Coronavirus

La fabbrica dei respiratori che "assume" i militari

La ditta punta a produrre 500 ventilatori polmonari al mese grazie all'aiuto dell'esercito

La fabbrica dei respiratori che "assume" i militari

Serve ossigeno. Per i malati che hanno bisogno della terapia intensiva e subintensiva, e per i medici che ricavano letti in altri reparti nel tentativo di ampliare l'offerta per i pazienti di coronavirus che faticano a respirare. Creare nuovi posti per gli ammalati più in difficoltà, in termini di spazi e macchinari, è la grande sfida, l'obiettivo imprescindibile: un incremento di oltre mille contagiati al giorno significa che almeno cento persone quotidianamente hanno bisogno di un ausilio meccanico per la respirazione. In attesa della conclusione della gara per allestire 5mila postazioni di rianimazione, la protezione Civile ha firmato attraverso la Consip un contratto con la ditta Siare Engineering di Valsamoggia, provincia di Bologna, per la fornitura immediata di 320 respiratori. A questi si aggiungono diversi ventilatori provenienti da altre parti.

Valsamoggia è un'altra trincea del contagio: non perché è zona rossa, ma perché è il luogo che fa respirare l'Italia. Nelle ultime ore da qui sono partiti «320 respiratori polmonari destinati a Lombardia, Emilia Romagna e Piemonte. Abbiamo aggiunto 5 macchine in extremis per la Liguria. Lavoriamo ora dopo ora» ci spiega il direttore generale, Gianluca Preziosa.

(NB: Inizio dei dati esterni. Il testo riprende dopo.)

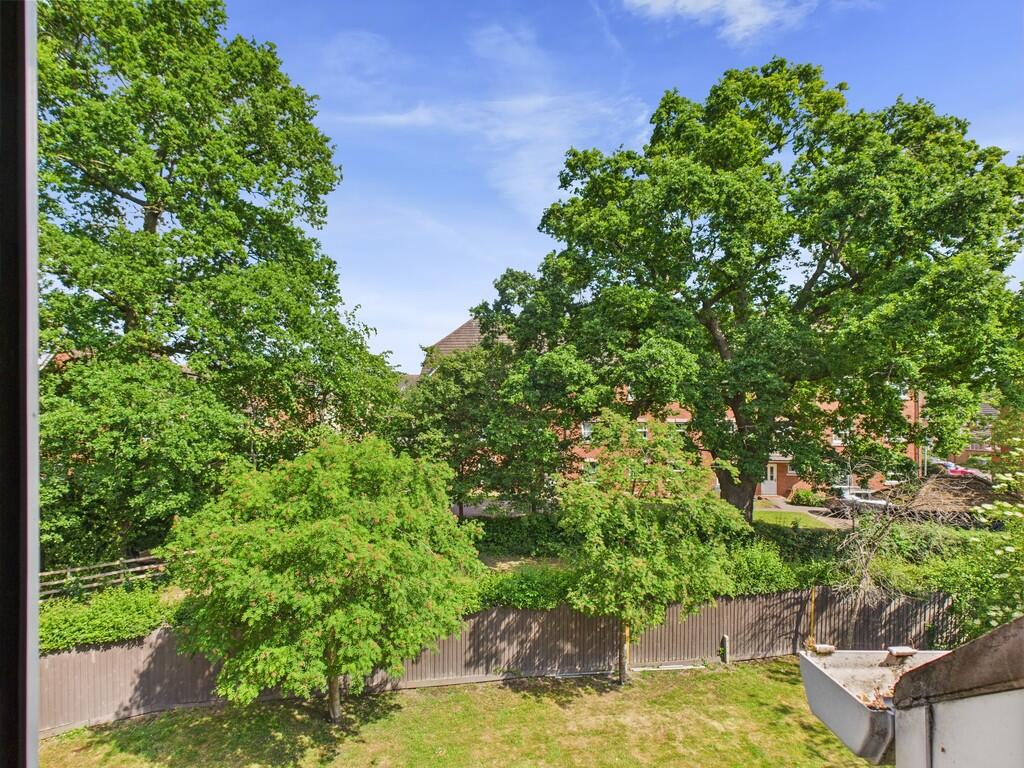 CAM04914G0-PR0134...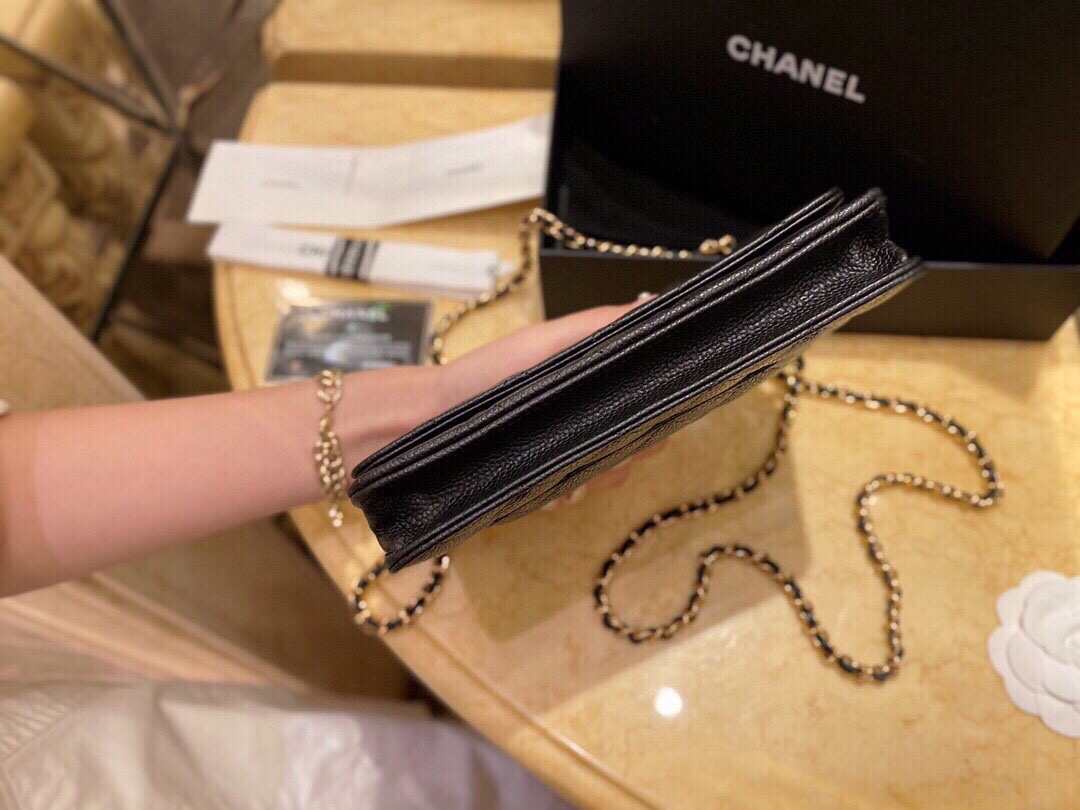 CHANEL 𝑾𝒐𝒄 Fat Choi bag (pressed version) leather black ox gold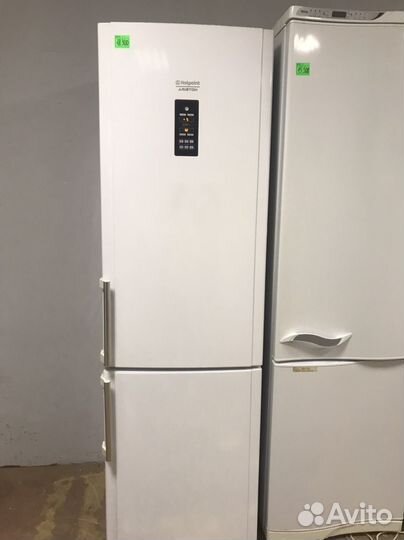 Холодильник Hotpoint-Ariston. Full no frost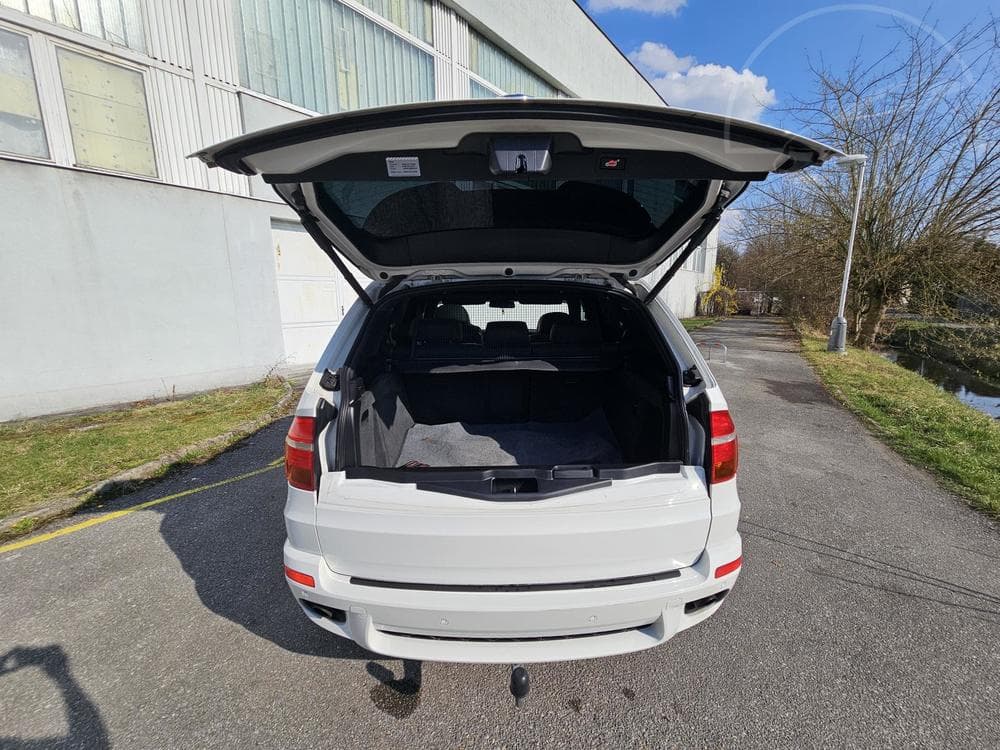 2010 BMW X5 - 16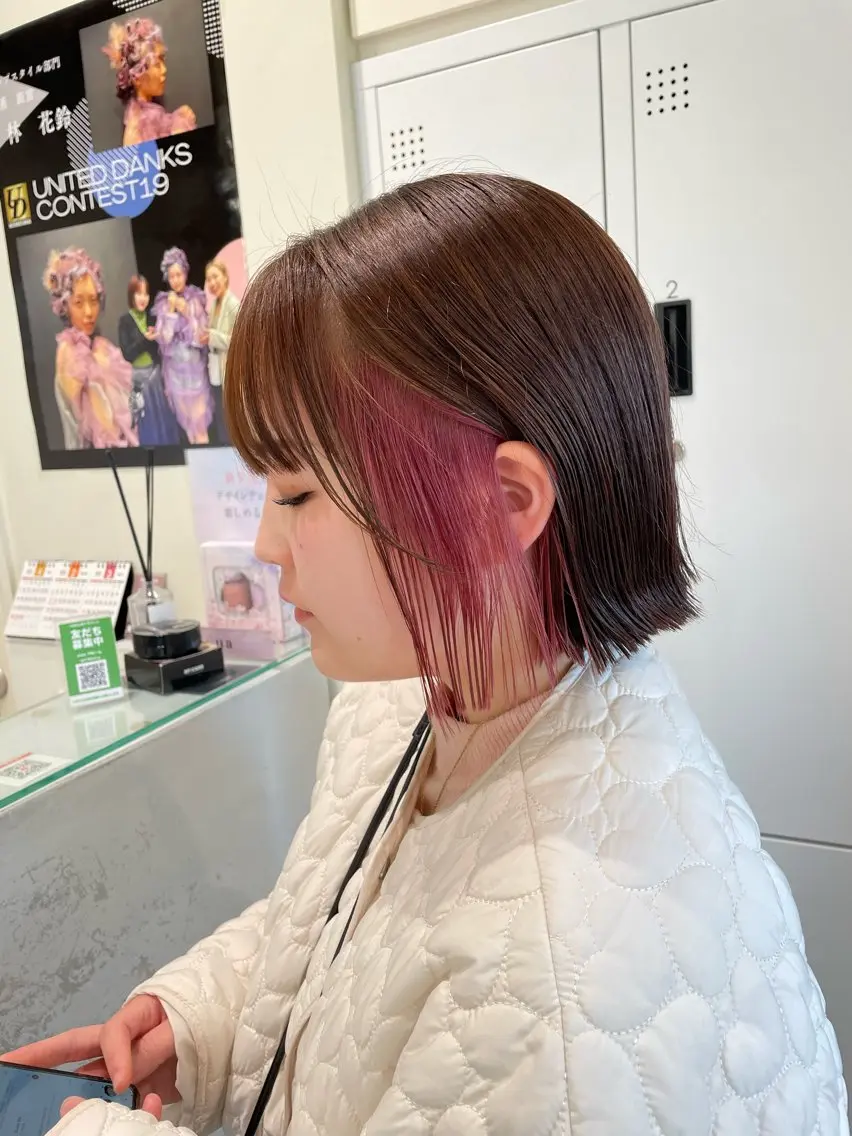ショート カラー ブリーチ ヘアカラー ボブ/インナーカラー /眉毛/Miyuのヘアスタイル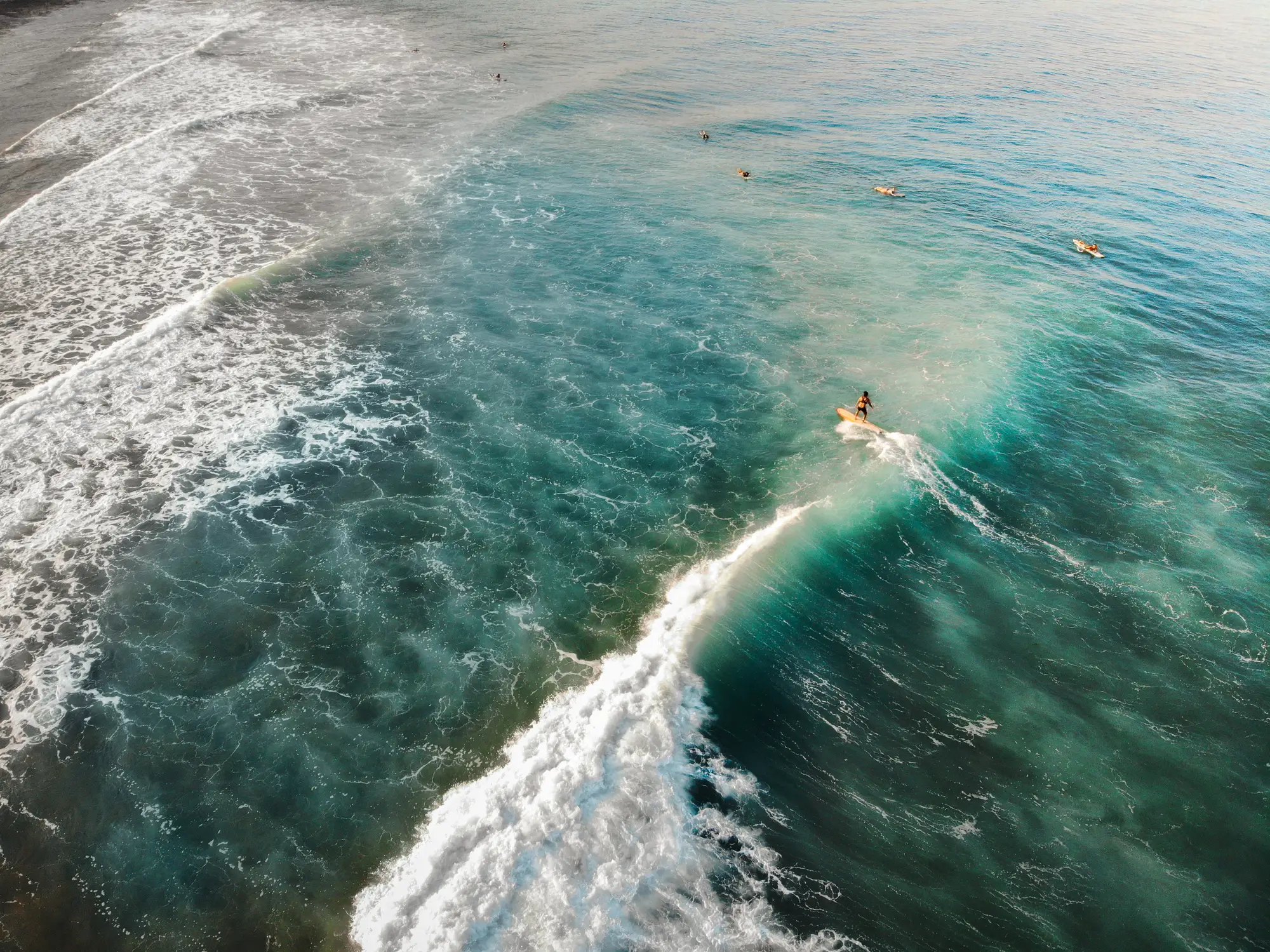 Surfer in San Juan La Union, Philippinen - Luftbild.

Al lavoro ci sono 35 dipendenti specializzati nell'assemblaggio e nel collaudo di apparecchi respiratori. Venticinque tecnici dell'esercito prederanno servizio in supporto da domani, istruiti da 15 tutor: «Non accadeva dai tempi della guerra che militari entrassero nella produzione» commenta il direttore di questa piccola e «unica realtà» italiana. Di aziende di questo tipo «in Europa ce ne sono cinque».

Si punta a fornire 500 ventilatori al mese. Duemilacinquecento in cinque mesi come minimo. Equivale alla produzione di questa ditta in due anni e mezzo di lavoro, al 14% della produzione mondiale. Nel mondo si fabbricano infatti «circa 35mila respiratori». Sembrano numeri piccoli a paragone del rischio di trasmissione dell'infezione, se si pensa che i pazienti che vanno in terapia intensiva sono mediamente il 10%. La matematica è una delle chiavi di lettura del contagio. I posti in terapia intensiva in Italia sono 5.300. Settecento sono già occupati da malati di coronavirus. Se il Covid-19 si diffonde troppo, i respiratori devono aumentare di pari passo. Per questo l'atteggiamento dei cittadini è la vera carta vincente. Almeno sedici respiratori al giorno usciranno da questa azienda, «ma ne servono di più. Mi auguro che Consip trovi anche altri operatori. Confidiamo comunque in un ulteriore aiuto dell'esercito. Potete immaginare lo sforzo immane». Straordinari, lavoro anche il sabato, massima sicurezza perché ognuno dei 35 è fondamentale: «Non possiamo permetterci di perdere nessuno». Ci sono poi 100 lavoratori delle aziende fornitrici che devono inviare i pezzi e che «si stanno facendo in quattro». Tutto «organizzato in 48 ore dai primi contatti di venerdì». Con una precisazione. «Nessuna speculazione. Le macchine vengono date al 50 per cento in meno rispetto al normale. Abbiamo ragionato da patrioti». Patrioti sembra una parola enfatica, ma è il concetto di contribuire ognuno per quello che può. «Servono spazi e servono misure ancora più rigide. Il contagio deve essere arginato.

Non si può arrivare a staccare un respiratore ad un malato per attaccarlo a un altro».